El domingo, 15 de enero de 2023

 SEGUNDO DOMINGO ORDINARIO, 15 de enero de 2023

(Isaías 49:3.5-6; I Corintios 3:1-3; Juan 1:29-34)

Una vez se le preguntó a uno de los mejores abogados de juicio en su ciudad así: ¿Qué es lo más importante para ganar un caso de corte? ¿Es un juez justo?  ¿Es un jurado simpático?  ¿Es un equipo de apoyo bueno?  El abogado sin demora respondió.  “No, lo más importante para ganar un caso de corte es un testigo creíble”. En el evangelio hoy encontramos tal testigo en el caso de Jesús.

Juan es hombre de convicción.  No vacila de modo que su respuesta un día es esto y el día siguiente es eso.  Tampoco a Juan no le importa nada menos la verdad.  Vive de langostas y miel silvestre de modo que no se le pueda sobornar con cualquiera cosa material.  Ni le trata a complacer a la gente sino solo al Señor.  Reconoce su tarea como preparar a Israel para la venida del elegido del Señor.

En cuanto ve a Jesús en el evangelio hoy, Juan atestigua que él es el elegido, “el Cordero de Dios…”  Significa que Jesús va a entregarse a la muerte como un sacrificio para quitar el pecado que infecta al mundo.  Dice que Jesús tiene al Espíritu Santo que le hace el Hijo de Dios.  Jesús nos imparte el mismo Espíritu a nosotros en el Bautismo.  Tenemos este Espíritu para que cumplamos la voluntad de Dios.

Acabamos de perder a uno de los grandes testigos de nuestros tiempos.  El papa Benedicto XVI como Juan vivió para dar testimonio a Jesucristo.  Benedicto era hombre de la verdad.  No buscaba la opinión favorable de la prensa o de los políticos.  En una declaración famosa él criticó la “teología de liberación”, que fue la moda en teología en el último cuarto del siglo pasado.  Entonces era el encargado del departamento vaticano de asuntos de la fe.  El entonces Cardinal Ratzinger no condenó la teología de liberación sino advirtió a los adherentes que, si profesaban solo la liberación de la opresión social y no la del pecado personal, no serían fieles al evangelio. 

También Benedicto era persona de humildad.  A medida que estaba debilitándose, él no se aferró el papado.  Aunque tenía la atención del mundo, renunció el oficio cuando se le dio cuenta de que no podía llevar a cabo bien sus responsabilidades. 

Porque vino de Alemania luego de muchos años de estudio riguroso, la personalidad de Benedicto era reservada.  Pero no era hombre frío y mucho menos despiadado como a veces lo retrataron.
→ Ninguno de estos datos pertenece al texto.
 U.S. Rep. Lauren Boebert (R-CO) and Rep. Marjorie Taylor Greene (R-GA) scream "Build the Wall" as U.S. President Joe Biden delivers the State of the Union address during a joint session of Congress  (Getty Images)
Un sacerdote le recuerda cuando vino a Nueva York.  Dice el cura que la fila de huéspedes estuvo larga, pero a él y presuntamente a cada uno de los huéspedes, Benedicto les extendió la mano y los miró en los ojos.  Esta observación confirma lo que dijo su biógrafo sobre sus modalidades. Al esperar de verlo en su primera visita, le vino el Cardinal Ratzinger personalmente y extendió su mano en manera amistosa.

Más que antes, nos hace falta testimonio como lo del papa Benedicto.  De hecho, es necesario que todos nosotros participantes en la misa dominical demos testimonio a Jesucristo.  El mundo está perdiendo su buen sentido en una inundación de preocupación excesiva del yo.  El secularismo ha eliminado referencia a Dios como autoridad fuera de la persona que requiere atención.  El individualismo ha facilitado tragedias como el rompimiento de la familia nuclear.  Y el relativismo ha producido contradicciones como el cambio del género y el matrimonio homosexual.  Cristo nos obliga que amemos a aquellos que piensen y actúen en modos diferentes.  Pero también nos enseña que hay verdades transcendentes para ser defendidas a pesar de que piensen los demás.

El papa Benedicto murió con un testimonio de su amor a Jesús en sus labios.  Sus últimas palabras fueron: “Jesús, te amo”.  Quizás podríamos dar testimonio a Jesús por ensayar lo que queremos ser nuestras palabras finales.  Después de despedirnos de nuestros seres queridos, quisiéramos decir algo como: “Confío en ti, Señor”.  Que repitamos estas palabras a otra persona todos los días. 

PARA LA REFLEXIÓN: ¿Qué querría yo para mis últimas palabras cuando muera?